Thursday, July 23, 2015

Let's Go To The Village!

Yesterday we had the privilege of visiting one of our AGC pastors, Gideon and his wife Josephine.  Usually Nathan is the one who gets to go encourage our pastors and spend time out in the village.  This time our whole family was invited!  We all were so excited to get to go.  I thought it would be fun to share with you what a visit out to the village looks like.

Traditionally here in Uganda it is customary to bring a gift when you visit someone. I LOVE this because I am gift-giver at heart. This time I put together a basin (used for washing dishes or clothes) full of rice, sugar, tea leaves, soap, crayons, a coloring book and bubble gum. :)
It takes 2.5 hours to get to Gideon's church and school. I saved back some animal crackers that was sent in a care package and surprised the kids with them. They all  happily shouted "ANIMAL CRACKERS!" Thanks again Abstons! 
The roads in the village were B U M P Y! I thought it was hilarious that a sign was made for the speed bumps or 'humps' because we had already driven over miles of humps and bumps with miles more to go! 
The kids laughed and laughed at the huge pot holes! We were grateful for their positive attitudes. We often say here, "Just because it's different doesn't mean its bad or wrong. It's just different." Here's a 1 minute video of the bumpy ride and beautiful village scenery....
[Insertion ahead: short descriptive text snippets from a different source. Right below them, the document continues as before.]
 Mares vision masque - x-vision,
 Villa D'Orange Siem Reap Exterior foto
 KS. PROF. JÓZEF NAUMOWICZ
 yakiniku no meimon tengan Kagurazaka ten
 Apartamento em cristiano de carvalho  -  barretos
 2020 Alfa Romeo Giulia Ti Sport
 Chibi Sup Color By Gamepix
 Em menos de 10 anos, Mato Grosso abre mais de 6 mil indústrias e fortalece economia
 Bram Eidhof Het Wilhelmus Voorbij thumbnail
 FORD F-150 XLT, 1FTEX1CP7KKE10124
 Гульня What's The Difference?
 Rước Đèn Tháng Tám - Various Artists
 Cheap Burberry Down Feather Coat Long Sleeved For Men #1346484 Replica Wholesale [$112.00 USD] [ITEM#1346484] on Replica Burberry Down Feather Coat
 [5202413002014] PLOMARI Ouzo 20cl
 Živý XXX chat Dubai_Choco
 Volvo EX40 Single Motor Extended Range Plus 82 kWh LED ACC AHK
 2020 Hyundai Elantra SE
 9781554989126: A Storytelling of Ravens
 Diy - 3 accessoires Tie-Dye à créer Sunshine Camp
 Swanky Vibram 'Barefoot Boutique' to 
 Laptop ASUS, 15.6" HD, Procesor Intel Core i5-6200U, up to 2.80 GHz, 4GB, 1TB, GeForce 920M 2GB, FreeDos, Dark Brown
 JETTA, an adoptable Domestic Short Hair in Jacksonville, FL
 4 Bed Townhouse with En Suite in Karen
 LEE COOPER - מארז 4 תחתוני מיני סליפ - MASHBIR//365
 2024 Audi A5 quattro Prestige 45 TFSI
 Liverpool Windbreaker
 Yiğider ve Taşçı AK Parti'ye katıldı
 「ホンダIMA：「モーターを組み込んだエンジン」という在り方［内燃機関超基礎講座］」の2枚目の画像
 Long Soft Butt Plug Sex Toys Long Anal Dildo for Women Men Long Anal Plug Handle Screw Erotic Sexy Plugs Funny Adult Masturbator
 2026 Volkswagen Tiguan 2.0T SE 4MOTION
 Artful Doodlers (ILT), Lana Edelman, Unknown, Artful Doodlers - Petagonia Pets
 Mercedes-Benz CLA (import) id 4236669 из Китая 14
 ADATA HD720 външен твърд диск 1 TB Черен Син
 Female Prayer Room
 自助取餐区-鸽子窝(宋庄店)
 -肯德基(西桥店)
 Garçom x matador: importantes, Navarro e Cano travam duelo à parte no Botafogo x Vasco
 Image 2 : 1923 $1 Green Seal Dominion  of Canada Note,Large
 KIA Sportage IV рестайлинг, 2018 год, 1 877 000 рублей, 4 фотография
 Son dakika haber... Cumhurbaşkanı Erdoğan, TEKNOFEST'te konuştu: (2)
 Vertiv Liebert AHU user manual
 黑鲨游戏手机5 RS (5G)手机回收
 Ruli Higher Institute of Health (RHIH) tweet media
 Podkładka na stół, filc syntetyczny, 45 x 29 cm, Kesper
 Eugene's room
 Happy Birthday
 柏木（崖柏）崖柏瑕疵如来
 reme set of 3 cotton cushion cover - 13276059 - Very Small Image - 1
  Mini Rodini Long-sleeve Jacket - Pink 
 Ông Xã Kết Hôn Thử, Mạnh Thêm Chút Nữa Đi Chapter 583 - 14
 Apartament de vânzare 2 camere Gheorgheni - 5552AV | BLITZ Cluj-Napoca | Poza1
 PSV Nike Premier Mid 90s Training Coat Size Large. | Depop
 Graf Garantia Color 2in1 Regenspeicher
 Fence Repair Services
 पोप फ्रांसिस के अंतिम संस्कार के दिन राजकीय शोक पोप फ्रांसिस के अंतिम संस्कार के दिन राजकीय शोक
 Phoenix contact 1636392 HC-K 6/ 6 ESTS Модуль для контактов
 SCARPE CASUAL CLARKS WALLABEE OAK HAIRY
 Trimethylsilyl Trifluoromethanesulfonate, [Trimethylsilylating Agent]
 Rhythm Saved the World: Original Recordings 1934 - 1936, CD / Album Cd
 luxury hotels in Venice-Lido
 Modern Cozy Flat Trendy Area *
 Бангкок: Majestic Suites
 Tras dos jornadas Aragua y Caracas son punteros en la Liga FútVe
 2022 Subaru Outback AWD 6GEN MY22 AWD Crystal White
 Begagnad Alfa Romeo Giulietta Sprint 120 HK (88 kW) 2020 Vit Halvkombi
On the way to Kayunga Ruby fell asleep at 10:30am. This never happens.  She usually naps at 1:00pm.  Nathan said, "I think this is one way God is showing us His love today." Because Ruby napped on the way she got to happily play all afternoon long with the school kids. Praise Jesus! 
When we arrived Pastor Gideon introduced us to all the school children. When he started the school in 2011 there were 48 children. Now the school has around 360 kids. We had two main purposes on this visit: encourage Gideon and his wife and encourage the school children. We spent all afternoon playing games together. We taught them how to play frisbee.  None of them (including the teachers) had seen or heard of a frisbee.  It was fun to watch them try to figure it out and then shout when the disk actually flew a little ways.
We played frisbee in shifts. The kids who weren't playing laughed and laughed at the ones playing (especially when someone got hit in the head with a frisbee...this happened several times. Haha! Ouch!)
The children taught us their version of dodgeball. It was a blast! 
We taught them limbo. :)
And musical chairs. They loved the games! :) 
After a fun afternoon of playing games we were served a delicious lunch. We were served greens, potatoes, beans, rice, beef, posho and sodas.  This was an extra special treat! 
Here is the  church. Perhaps this looks familiar as it was the first church Nathan preached at in Uganda.  It's in worse condition than the last time we saw it.  They've struggled to keep the structure standing but the congregation continues to meet and worship here together.
After lunch we all gathered in one of the school rooms for chapel. Typically chapel is held in the church but because of some roof problems we met in the school room. The children in grades 1-5 performed special songs and dances for us. Out in the village we get very special treatment, which is something that we have had to get used to. We normally would be fine to sit on the floor with the other kids but we realize sitting in the special 'visitors' chairs is the right thing to do.  It is showing that we accept their very generous gesture. 
Then the most amazing thing happened. Gideon's wife Josephine pulled Nathan out of his chair during a traditional Ugandan dance and made him dance with her. He never dances! His worst nightmare was my favorite moment! Haha! :)
Sophie taught about Adam and Eve before Nathan spoke about God's love. She did a great job! 
What a great day! We are so grateful for the opportunities to visit our pastors. We praise Jesus for a safe journey on the roads and for the sweet time we had together.
Maybe next time you can come with us?! ;)

Monday, July 13, 2015

Uncommon Days

I began the twenty five minute drive home from the orphanage. Discouragement settled in as I told myself I just wasted my day. The same forty two children were fed bottles, bounced around in their cribs and played in their classes. A six day old baby was just abandoned and the mommas carefully counted every ounce of formula she drank. Sweet Joy had an IV in her arm to fight the side effects of malaria. Balaam was as ornry as ever, refusing to participate in the breakfast routine. Beatrice led the other children with kindness. My lip began to quiver and tears settled into my eyes. I didn't fix anything today.  None of these beautiful children were reunited with their families. Not a single one went home to an adopted family. 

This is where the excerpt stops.